De Hoge Raad oordeelt dat de uitleg van het begrip 'onttrekken' door het Hof onjuist was. De verdediging stelde dat het kortstondig niet naleven van de omgangsregeling niet gelijkstaat aan onttrekking, maar de Hoge Raad verwierp deze opvatting. De Hoge Raad benadrukt dat de term 'onttrekken' in de tenlastelegging en bewezenverklaring moet worden begrepen in de context van artikel 279, eerste lid, van het Wetboek van Strafrecht. De Hoge Raad concludeert dat de verdachte opzettelijk zijn zoon heeft onttrokken aan het gezag van de moeder, en dat de klacht van de verdediging faalt.

Daarnaast werd opgemerkt dat de redelijke termijn voor de behandeling van het cassatieberoep was overschreden, maar dat dit geen gevolgen had voor de uitspraak, gezien de opgelegde straf en de omstandigheden van de zaak. De Hoge Raad verwerpt uiteindelijk het beroep van de verdachte.

Uitspraak

15 mei 2018
Strafkamer
nr. S 16/01364
IV
Hoge Raad der Nederlanden
Arrest
op het beroep in cassatie tegen een arrest van het Gerechtshof Arnhem-Leeuwarden, zittingsplaats Leeuwarden, van 8 maart 2016, nummer 21/006886-14, in de strafzaak tegen:
[verdachte], geboren in [geboorteplaats] op [geboortedatum] 1972.

1.Geding in cassatie

Het beroep is ingesteld door de verdachte. Namens deze heeft R.B. Schmidt, advocaat te Amsterdam, bij schriftuur een middel van cassatie voorgesteld. De schriftuur is aan dit arrest gehecht en maakt daarvan deel uit.
De Advocaat-Generaal A.E. Harteveld heeft geconcludeerd dat het cassatieberoep met toepassing van art. 80a RO niet-ontvankelijk zal worden verklaard.
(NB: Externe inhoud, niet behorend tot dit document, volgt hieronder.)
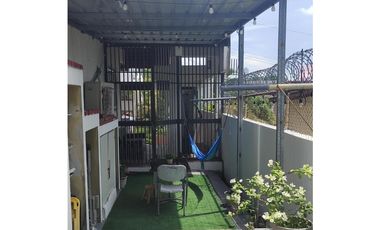Venta de casa en Miraflores GTA
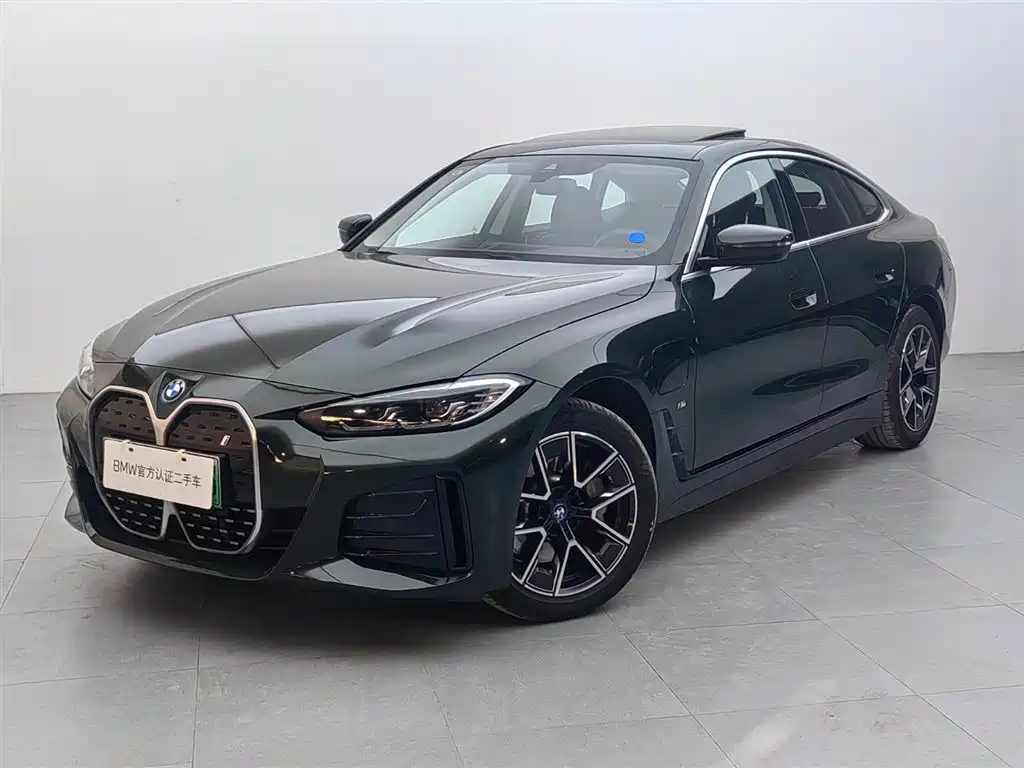 BMW i4 2025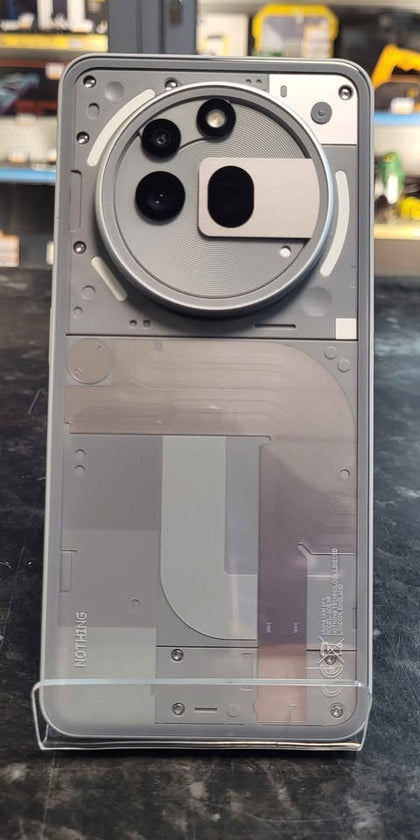 Nothing Phone (3a) Pro - 12GB+256GB) - Gray - Unlocked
2.Beoordeling van het middel

2.1.
Het middel klaagt onder meer dat het Hof een onjuiste uitleg heeft gegeven aan het begrip 'onttrekken' van een minderjarige aan het gezag als bedoeld in art. 279, eerste lid, Sr.
2.2.1.
Overeenkomstig de tenlastelegging is ten laste van de verdachte bewezenverklaard dat:
"hij op 22 september 2014 te Almere opzettelijk een minderjarige, te weten [betrokkene 1] , geboren [geboortedatum] 2010, heeft onttrokken aan het gezag van degene die dit desbevoegd over hem uitoefent, terwijl die minderjarige ten tijde van het plegen van dit feit beneden de twaalf jaar oud was."
2.2.2.
Het Hof heeft ten aanzien van de bewezenverklaring het volgende overwogen:
"De verdediging heeft aangevoerd dat de verdachte dient te worden vrijgesproken, nu de verdachte zich weliswaar schuldig heeft gemaakt aan schending van de door de rechter vastgestelde omgangsregeling, maar niet aan onttrekking van het kind aan het wettig gezag. Het hof verwerpt dit verweer op grond van het volgende.
Op 22 september 2014 heeft de kinderrechter in de familiekamer in de rechtbank Midden-Nederland te Lelystad beslist dat de hoofdverblijfplaats van de minderjarige (het hof begrijpt: [betrokkene 1] , geboren op [geboortedatum] 2010) bij de vrouw (het hof begrijpt: de vrouw van de verdachte) zal zijn. Daarnaast heeft de kinderrechter een voorlopige zorgregeling vastgesteld, inhoudende dat de verdachte zijn zoon één weekend per veertien dagen verzorgt. In de beschikking van de kinderrechter van 22 september 2014 waarin deze beslissingen zijn vastgelegd zijn deze beslissingen uitvoerbaar bij voorraad verklaard.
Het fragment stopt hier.